About this exercise: Your answer must be the full listing, reproduced exactly, minus any pictures.

Recorded information:
★ ★ ★ ★

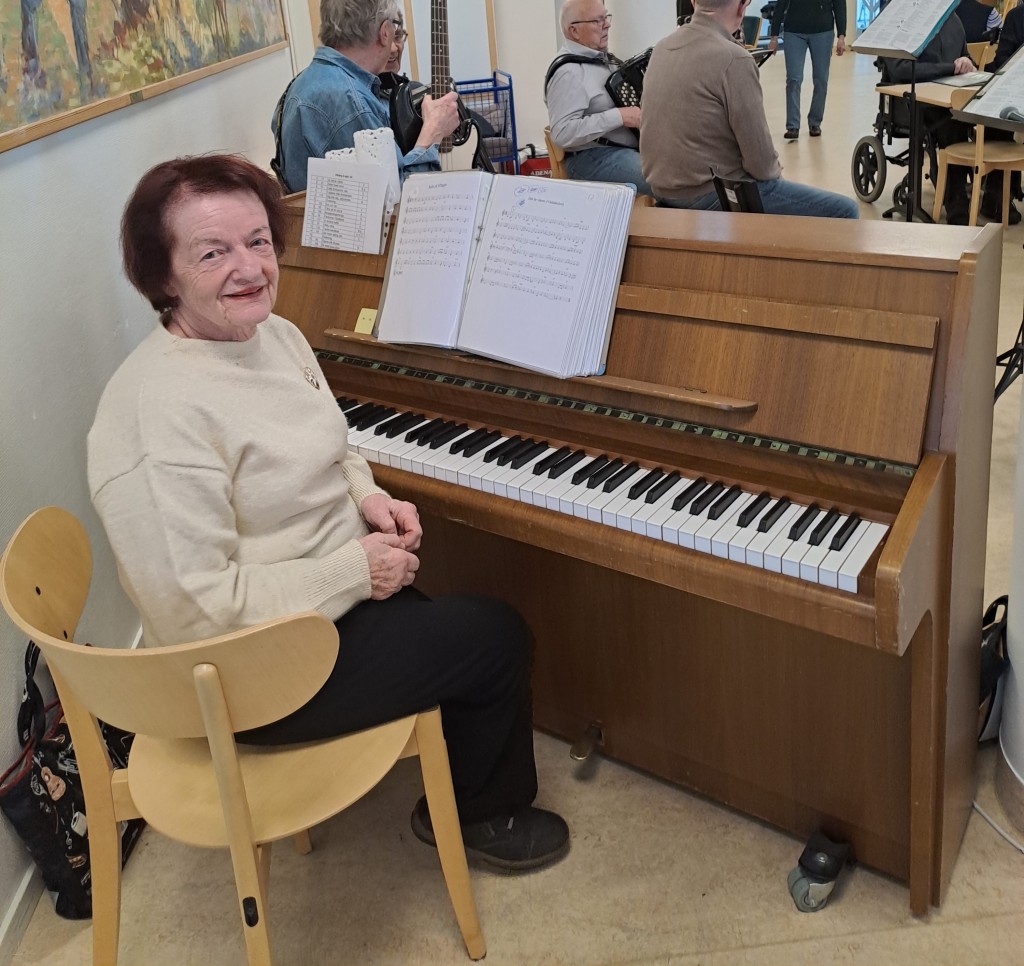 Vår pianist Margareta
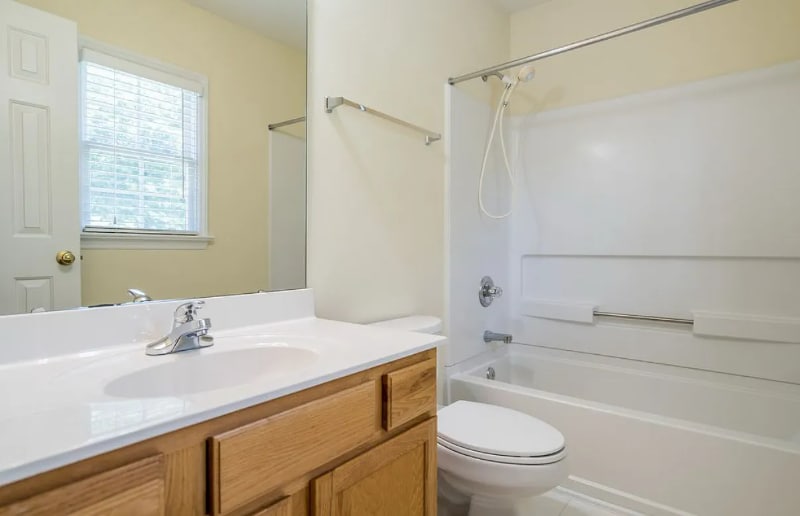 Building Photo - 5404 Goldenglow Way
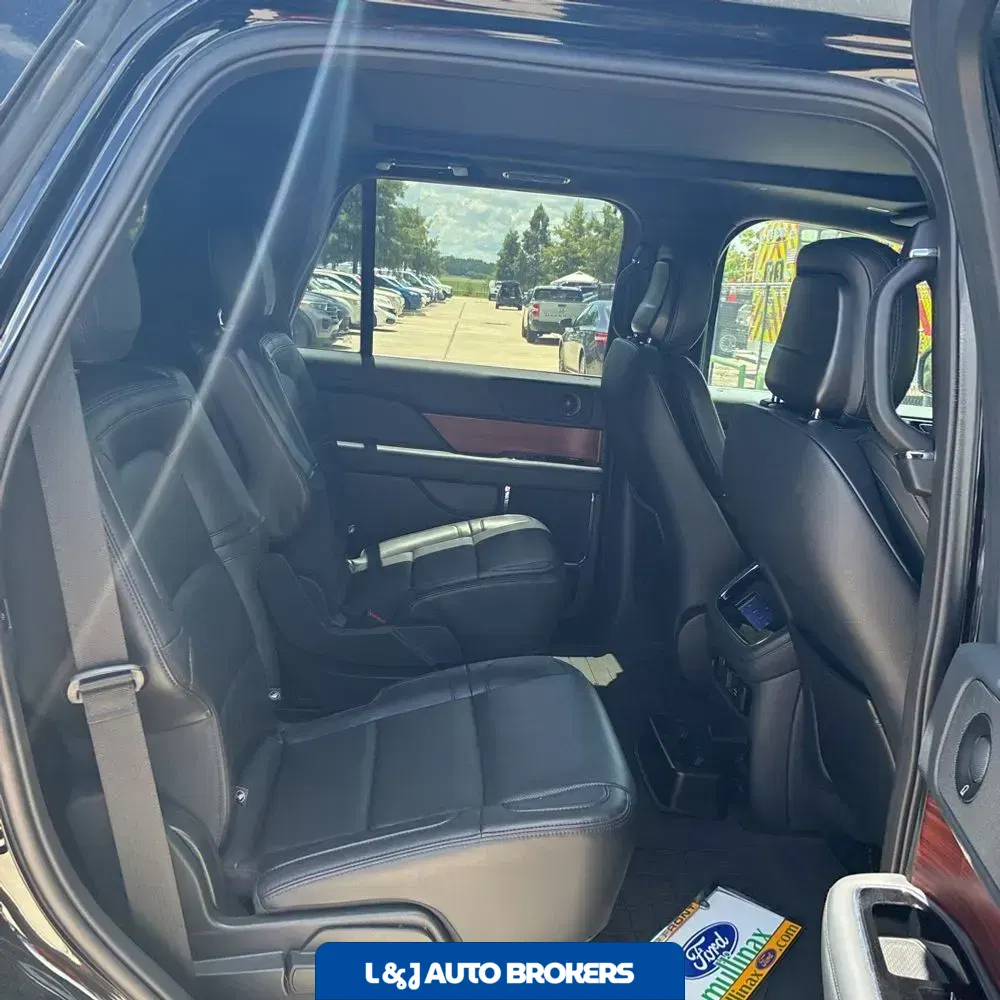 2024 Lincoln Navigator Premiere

★ ★ ★ ★

Output of the task:
 Vår pianist Margareta
 Building Photo - 5404 Goldenglow Way
 2024 Lincoln Navigator Premiere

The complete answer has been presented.